Daryman didn’t know Wagner personally at the time, but as a fan of his music and knowing he was a teacher, he thought the idea might appeal to him.

He was right.

“He was really into it, particularly after I mentioned that many of the miners were Welsh immigrants,’’ Daryman said. “It turned out he is Welsh on his mother’s side.’’

A Skype meeting was arranged between the two teachers and a group of 15 South Eastern Middle School students who were assembled for the project. From there, the students started researching slate mining in the Delta area – what it was like to be a slate worker, daily life, the types of tools that were used, and other interesting aspects of the period from about 1740 to the World War I era.
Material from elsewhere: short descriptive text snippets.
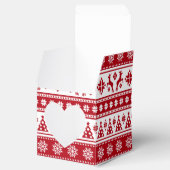 クリスマスホリデーノルディックパターンコージー フェイバーボックス (オープン)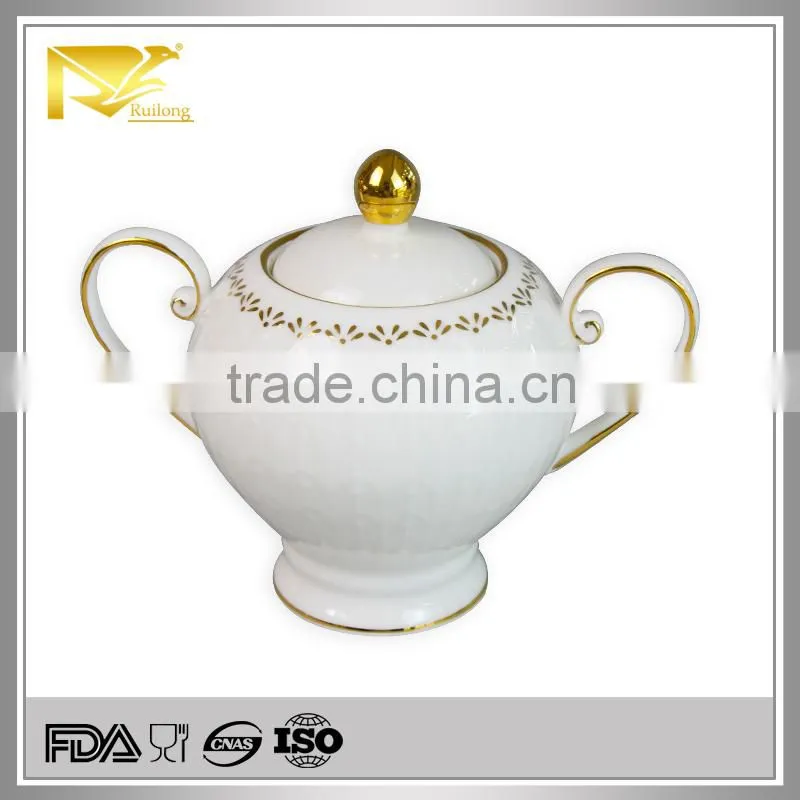 china wholesale 8oz ceramic sugar cream jar mockup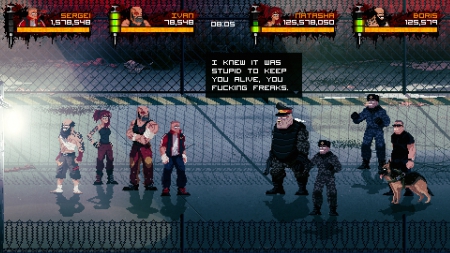  - Screen zum Titel Mother Russia Bleeds.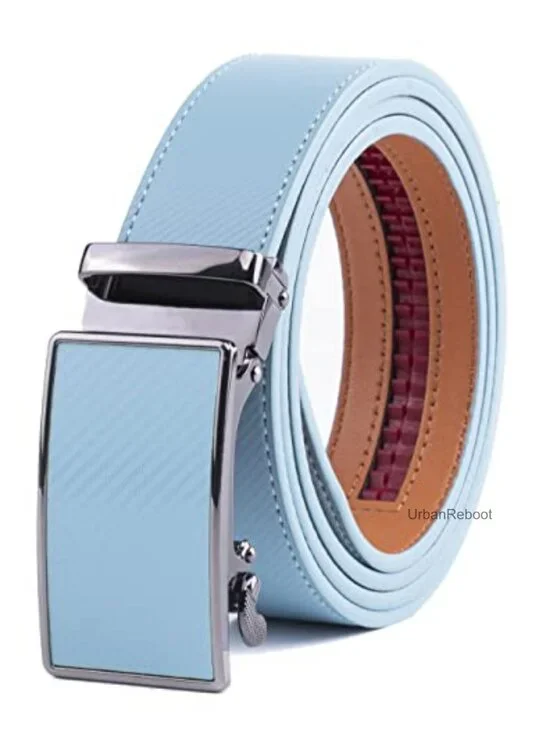 Genuine Leather Ratchet Belt Adjustable Trim to Fit Men's Dress Belt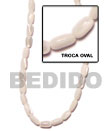 Shell Beads Troca Oval Shell Beads Products - Cebujewelry.com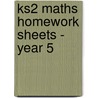 Ks2 Maths Homework Sheets - Year 5 door Richards Parsons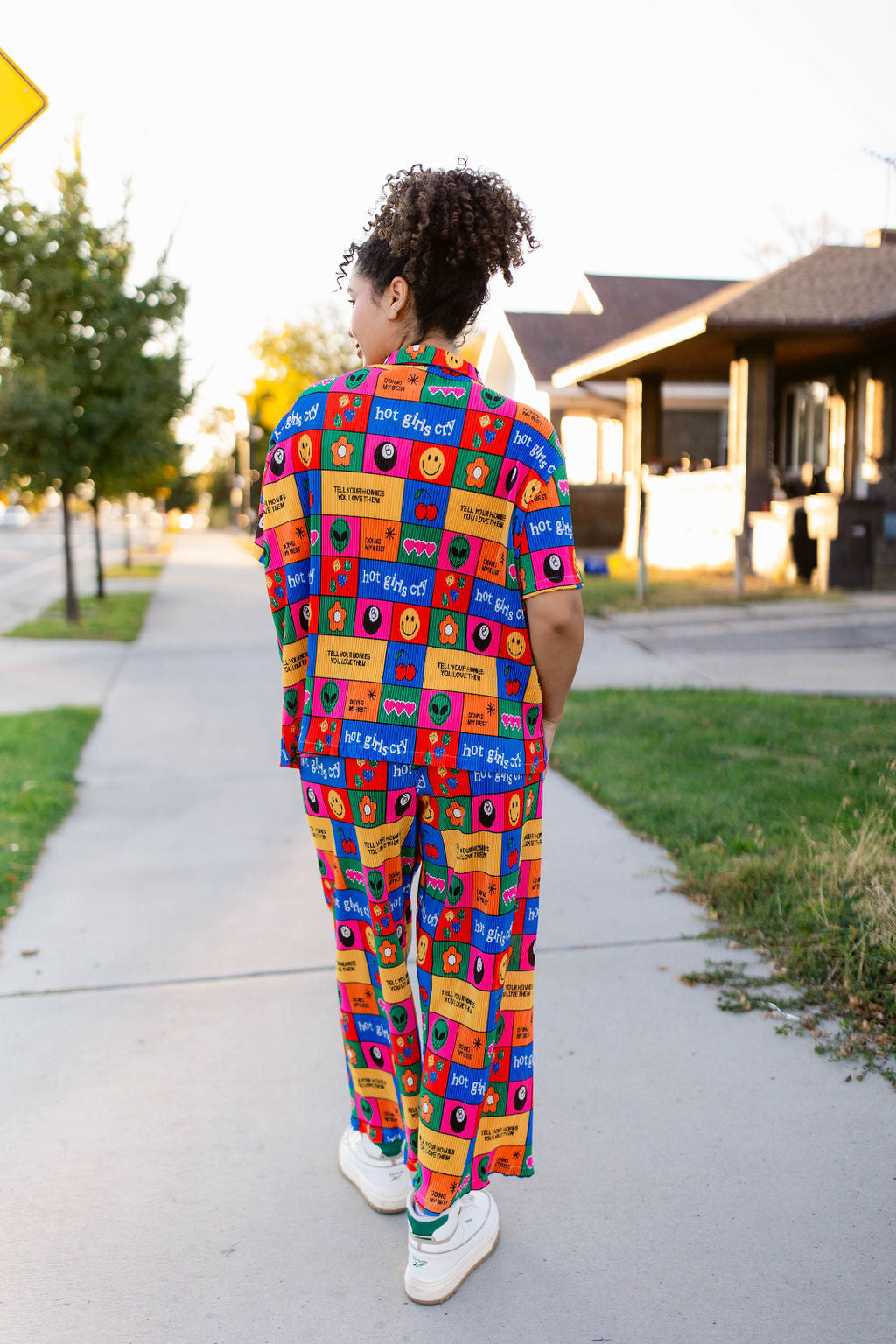 TABY ORIGINAL: Working On Myself Plisse Pant Set RESTOCKED IN SIZES XS-5X!***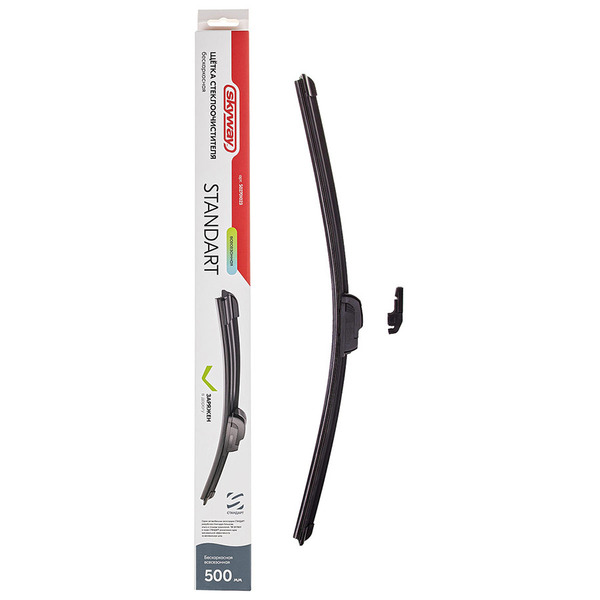 Щетка стеклоочистителя бескаркасная Skyway 500мм/20" (art.S02701023)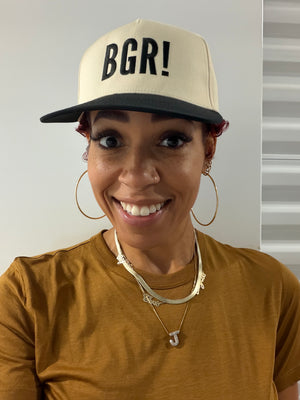 Cream Baseball Caps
The research the students did over a relatively short period in January and February blew both teachers away. Wagner quickly realized he had more than a song; he had an album.

“I told Jason upfront that songs either come or they don’t. I’m willing to try, but no promises,’’ Wagner said. “But once the students started feeding me the research, it was just a matter of picking up the banjo and guitar... the songs just kept coming and coming.’’

A shot in the dark

The research into Peach Bottom slate had obvious ties and solid lessons for the students’ science studies. But they also learned something about songwriting and producing.
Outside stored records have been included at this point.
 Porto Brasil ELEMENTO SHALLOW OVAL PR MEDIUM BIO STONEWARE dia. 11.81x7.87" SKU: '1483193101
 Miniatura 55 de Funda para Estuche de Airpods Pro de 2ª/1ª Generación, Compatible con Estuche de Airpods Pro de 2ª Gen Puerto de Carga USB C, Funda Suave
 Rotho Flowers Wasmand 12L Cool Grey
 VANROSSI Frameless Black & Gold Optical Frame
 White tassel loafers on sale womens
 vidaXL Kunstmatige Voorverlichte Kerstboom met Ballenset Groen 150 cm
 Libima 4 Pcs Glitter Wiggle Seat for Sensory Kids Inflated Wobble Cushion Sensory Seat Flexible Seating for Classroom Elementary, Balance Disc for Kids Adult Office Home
Wagner worked back and forth with the students through Skype. He would send them a draft of a song, and they would provide feedback and fact-checking for him.

Wagner has a home studio, and he used Skype to show the students how a song can be arranged and how different instruments can be mixed in.
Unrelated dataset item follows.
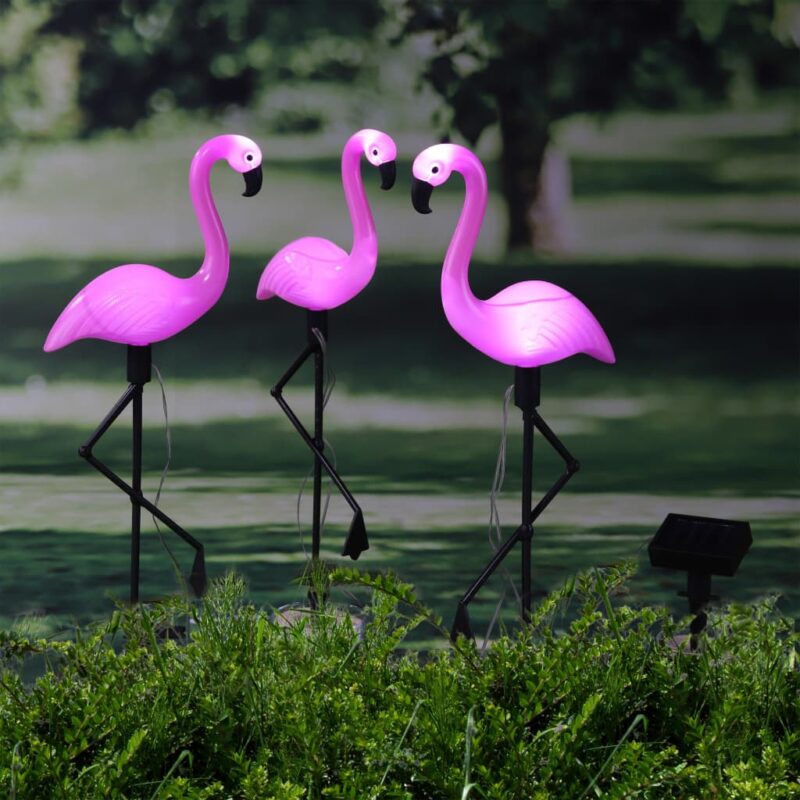 HI Соларни LED градински лампи Flamingo 3 бр Намаления и отстъпки ЧеренПетък 2
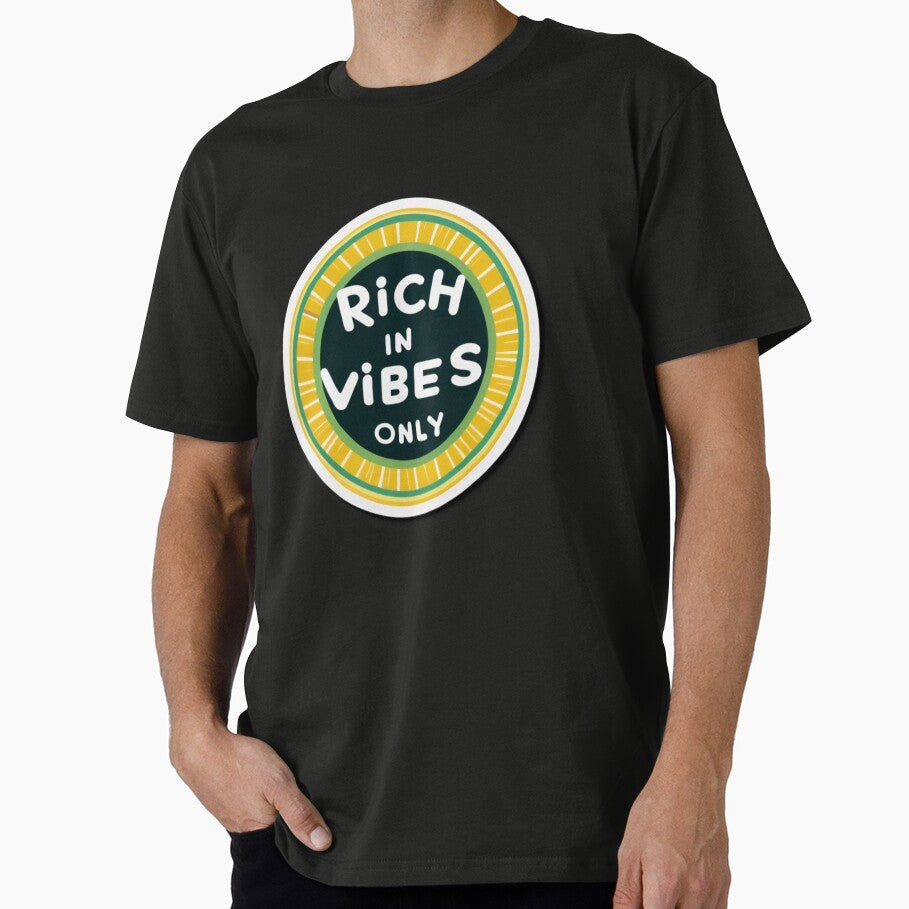 Rich in Vibes only Motivational Sticker by ArtisticAuraCreation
“Suddenly, what do you know? The songs were out on Spotify and iTunes, and on sale on Amazon,’’ Daryman said.

The students also shot video as part of the project, including footage for a video accompanying the “King of the Quarry’’ title song, which Daryman said is the students’ favorite cut.

“The students decided they wanted it to be a Van Wagner album under his copyright,’’ Daryman said. “He finished the project. The kids were fine just getting credit for their work.’’

And it was far more than a science class lesson.

“Yes, you could say it was cross-curricular,’’ Daryman said.

“I was just trying to think outside of the box, and I got lucky. I sent an email to Van Wagner shooting in the dark.’’

A teacher first

Although “King of the Quarry’’ turned out to be in Wagner’s musical wheelhouse, this was far more than a music project to the teacher by day. It’s also kind of what he does in his own classroom.

“Occasionally, music overlaps with the classroom, depending on the studies,’’ Wagner said. “I take students on a field trip to a coal mine every year, and when we are underground I pull out the guitar and sing songs about coal mining.’’

He is proud of the project, and effusive in his praise of Daryman and his students. Wagner appeared in the Delta community to perform the songs live this past spring, and Daryman returned the favor by attending the Danville Heritage Festival in July to discuss slate mining.

But despite his love of music and success in getting his work distributed commercially – he has appeared on Country Music Television and the History Channel – Wagner has no plans to give up his day job.

“My passion is education. Teaching is what I do first and foremost,’’ he said. “I’ve done some neat things with my music, but at the end of the day … what we teachers do day in and day out is a far more exciting avenue for my efforts.’’ 

Tip Sheet

Jason Daryman and Van Wagner provide advice.

 • Make connections.  Always look to build new relationships and make connections. Van and my

students worked closely on this project even though we were a two-hour drive apart. 

 • Empower students. Empower the students so they can take on the role of teacher. Jason’s students taught me about Pennsylvania slate mining history. 

 • Work together. Embrace ways to cooperate with educators in other school districts. Our collective resources are far more powerful when we work together.